Return the lines of the data below exactly. Start at the first and end with the line containing "Example of a".

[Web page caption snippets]
----

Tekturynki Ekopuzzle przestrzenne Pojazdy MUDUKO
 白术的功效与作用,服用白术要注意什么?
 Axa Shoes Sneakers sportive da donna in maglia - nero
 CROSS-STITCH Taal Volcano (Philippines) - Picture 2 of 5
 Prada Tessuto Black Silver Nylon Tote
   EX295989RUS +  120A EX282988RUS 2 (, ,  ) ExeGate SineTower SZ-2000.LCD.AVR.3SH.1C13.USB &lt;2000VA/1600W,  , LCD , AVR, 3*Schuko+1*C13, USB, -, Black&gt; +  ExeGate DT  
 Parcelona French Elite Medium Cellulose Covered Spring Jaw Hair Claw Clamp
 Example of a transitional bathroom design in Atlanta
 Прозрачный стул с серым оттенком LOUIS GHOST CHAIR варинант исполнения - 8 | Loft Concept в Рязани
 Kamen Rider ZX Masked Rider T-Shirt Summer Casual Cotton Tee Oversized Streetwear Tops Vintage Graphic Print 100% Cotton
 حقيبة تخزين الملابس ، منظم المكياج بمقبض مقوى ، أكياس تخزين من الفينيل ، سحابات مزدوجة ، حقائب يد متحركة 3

----

### Exercise response
Tekturynki Ekopuzzle przestrzenne Pojazdy MUDUKO
 白术的功效与作用,服用白术要注意什么?
 Axa Shoes Sneakers sportive da donna in maglia - nero
 CROSS-STITCH Taal Volcano (Philippines) - Picture 2 of 5
 Prada Tessuto Black Silver Nylon Tote
   EX295989RUS +  120A EX282988RUS 2 (, ,  ) ExeGate SineTower SZ-2000.LCD.AVR.3SH.1C13.USB &lt;2000VA/1600W,  , LCD , AVR, 3*Schuko+1*C13, USB, -, Black&gt; +  ExeGate DT  
 Parcelona French Elite Medium Cellulose Covered Spring Jaw Hair Claw Clamp
 Example of a transitional bathroom design in Atlanta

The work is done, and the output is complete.